Nós admiramos muito Lula e Dilma, o combate que eles fizeram. Eles demonstraram que era possível ter um outro Brasil, democrático, que fosse pelas minorias. Eu acho que é isso que uma parte da classe média e da burguesia branca e ocidental do Brasil não apreciou muito. Ela achou uma provocação.

E uma parte da nossa geração, que nasceu nos anos 1970, convivendo com refugiados argentinos, chilenos, quando vimos em manifestações alguns anos atras pessoas se manifestando pedindo a volta dos militares, todos brancos com panelas, compreendi que algo estava sendo tramado ali.

E é preciso dizer a verdade: uma das razões da vitória de Bolsonaro é que toda a esquerda, todos os progressistas, todos os apaixonados pela democracia não apoiaram o candidato no segundo turno que poderia tê-lo derrotado. Penso que isso também é uma lição.

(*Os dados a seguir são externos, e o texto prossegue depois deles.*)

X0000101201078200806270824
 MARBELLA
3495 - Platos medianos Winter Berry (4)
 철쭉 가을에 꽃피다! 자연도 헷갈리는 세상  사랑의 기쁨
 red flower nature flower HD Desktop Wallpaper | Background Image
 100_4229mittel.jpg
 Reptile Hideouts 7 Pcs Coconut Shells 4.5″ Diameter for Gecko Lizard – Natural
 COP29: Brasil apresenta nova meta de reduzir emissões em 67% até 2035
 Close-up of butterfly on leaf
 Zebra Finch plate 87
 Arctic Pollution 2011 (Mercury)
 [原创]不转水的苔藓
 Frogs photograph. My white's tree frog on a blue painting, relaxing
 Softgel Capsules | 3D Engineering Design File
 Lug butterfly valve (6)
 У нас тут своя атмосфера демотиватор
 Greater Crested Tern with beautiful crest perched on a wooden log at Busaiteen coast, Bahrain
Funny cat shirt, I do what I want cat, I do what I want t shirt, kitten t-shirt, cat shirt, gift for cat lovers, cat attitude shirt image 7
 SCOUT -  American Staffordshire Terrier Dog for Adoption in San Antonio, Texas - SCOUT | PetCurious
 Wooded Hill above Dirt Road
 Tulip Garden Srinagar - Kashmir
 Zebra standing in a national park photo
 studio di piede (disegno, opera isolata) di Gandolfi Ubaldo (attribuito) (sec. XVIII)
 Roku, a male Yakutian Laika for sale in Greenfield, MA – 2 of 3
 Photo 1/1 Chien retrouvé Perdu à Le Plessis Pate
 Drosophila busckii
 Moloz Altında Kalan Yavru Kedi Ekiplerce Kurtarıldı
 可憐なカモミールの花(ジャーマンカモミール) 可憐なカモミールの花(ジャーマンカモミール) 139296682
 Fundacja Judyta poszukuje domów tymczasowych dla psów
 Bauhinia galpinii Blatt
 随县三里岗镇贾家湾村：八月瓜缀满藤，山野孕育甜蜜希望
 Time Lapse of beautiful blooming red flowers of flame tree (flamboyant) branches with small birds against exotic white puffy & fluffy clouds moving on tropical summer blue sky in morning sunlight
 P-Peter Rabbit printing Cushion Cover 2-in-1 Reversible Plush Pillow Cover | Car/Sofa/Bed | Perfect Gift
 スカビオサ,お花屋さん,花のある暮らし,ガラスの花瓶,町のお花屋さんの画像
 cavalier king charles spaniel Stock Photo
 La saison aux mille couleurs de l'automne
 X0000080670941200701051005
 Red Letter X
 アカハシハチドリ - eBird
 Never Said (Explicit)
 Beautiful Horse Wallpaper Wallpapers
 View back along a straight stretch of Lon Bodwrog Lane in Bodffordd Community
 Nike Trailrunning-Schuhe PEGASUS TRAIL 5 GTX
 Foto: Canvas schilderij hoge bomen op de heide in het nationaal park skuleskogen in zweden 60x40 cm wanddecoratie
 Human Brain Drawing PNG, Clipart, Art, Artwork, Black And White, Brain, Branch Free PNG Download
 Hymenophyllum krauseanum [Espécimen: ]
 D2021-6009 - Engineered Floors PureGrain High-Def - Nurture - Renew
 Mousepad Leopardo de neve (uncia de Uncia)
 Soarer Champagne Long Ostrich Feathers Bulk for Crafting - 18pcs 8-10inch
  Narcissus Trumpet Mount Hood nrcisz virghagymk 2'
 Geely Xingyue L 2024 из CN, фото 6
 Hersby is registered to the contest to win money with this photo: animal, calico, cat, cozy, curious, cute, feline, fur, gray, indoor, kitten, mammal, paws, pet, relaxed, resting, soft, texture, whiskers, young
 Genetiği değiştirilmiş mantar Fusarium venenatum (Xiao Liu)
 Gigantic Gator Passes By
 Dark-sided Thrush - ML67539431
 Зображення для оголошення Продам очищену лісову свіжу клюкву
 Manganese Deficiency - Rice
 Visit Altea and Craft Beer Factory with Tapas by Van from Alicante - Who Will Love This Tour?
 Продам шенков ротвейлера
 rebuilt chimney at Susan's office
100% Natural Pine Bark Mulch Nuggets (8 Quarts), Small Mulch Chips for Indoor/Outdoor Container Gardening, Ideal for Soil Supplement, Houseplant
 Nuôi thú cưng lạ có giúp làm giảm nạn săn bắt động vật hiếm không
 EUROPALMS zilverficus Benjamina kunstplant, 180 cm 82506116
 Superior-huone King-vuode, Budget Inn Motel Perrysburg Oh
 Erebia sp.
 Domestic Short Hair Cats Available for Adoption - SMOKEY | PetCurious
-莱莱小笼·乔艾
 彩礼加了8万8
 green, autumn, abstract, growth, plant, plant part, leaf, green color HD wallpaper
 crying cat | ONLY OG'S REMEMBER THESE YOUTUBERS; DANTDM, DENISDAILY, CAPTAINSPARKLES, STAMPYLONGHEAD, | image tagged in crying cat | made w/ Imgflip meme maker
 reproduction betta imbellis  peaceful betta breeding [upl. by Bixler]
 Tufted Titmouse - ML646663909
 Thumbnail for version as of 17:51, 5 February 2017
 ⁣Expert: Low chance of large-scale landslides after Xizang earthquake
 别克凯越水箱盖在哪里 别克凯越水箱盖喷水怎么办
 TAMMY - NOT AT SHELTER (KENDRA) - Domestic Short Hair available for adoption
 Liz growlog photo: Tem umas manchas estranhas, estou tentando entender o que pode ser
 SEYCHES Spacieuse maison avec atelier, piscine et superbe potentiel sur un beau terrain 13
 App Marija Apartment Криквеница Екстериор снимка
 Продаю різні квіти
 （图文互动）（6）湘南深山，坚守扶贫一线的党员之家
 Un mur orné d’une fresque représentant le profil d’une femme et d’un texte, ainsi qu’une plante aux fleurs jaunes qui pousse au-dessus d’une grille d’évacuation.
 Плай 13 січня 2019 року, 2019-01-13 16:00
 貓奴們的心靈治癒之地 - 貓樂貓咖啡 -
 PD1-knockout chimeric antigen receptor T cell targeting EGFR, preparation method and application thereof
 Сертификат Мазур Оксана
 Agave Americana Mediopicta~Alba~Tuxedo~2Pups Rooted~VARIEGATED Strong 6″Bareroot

Quando os progressistas, a esquerda, os que lutam pela liberdade, e que têm a mesma demanda se dividem, isso ajuda a direita e a extrema direita a ganhar.

O que significa haver em Paris um jardim em homenagem a Marielle Franco no momento em que Bolsonaro e seu governo dirigem ataques contra os representantes da França?

Nós queremos mostrar a Bolsonaro que ele é um presidente ilegítimo. Ele foi eleito democraticamente, evidentemente, mas hoje o fascismo, contrariamente aos anos 1960, não abate a democracia. Ele se serve da democracia para melhor corrompê-la, subvertê-la.

De uma certa maneira, Paris está em seu papel histórico, de capital da liberdade e da democracia. E para nós, é algo importante, porque hoje muitas pessoas são militantes nas redes sociais. E podemos dizer que teremos uma reputação nas redes sociais. Mas pessoas foram mortas por essa liberdade, por essa democracia. Então, a democracia jamais é algo conquistado.

E quando as pessoas estão dormindo, quando elas são drogadas por mídias que oferecem espetáculos, tele-realidade, o consumo fácil, o prazer fácil, essa população pode perder sua consciência social. E nós, os militantes, os eleitos, estamos aqui como para lembrar que nós mesmos podemos estar dormindo. Por isso estamos aqui.

Não queríamos que Marielle fosse um mártir, mas que triunfasse. Mas seu exemplo inspira a milhares de militantes anônimos, que colocaram suas vidas em perigo e que às vezes morreram para defender uma liberdade que é extremamente frágil.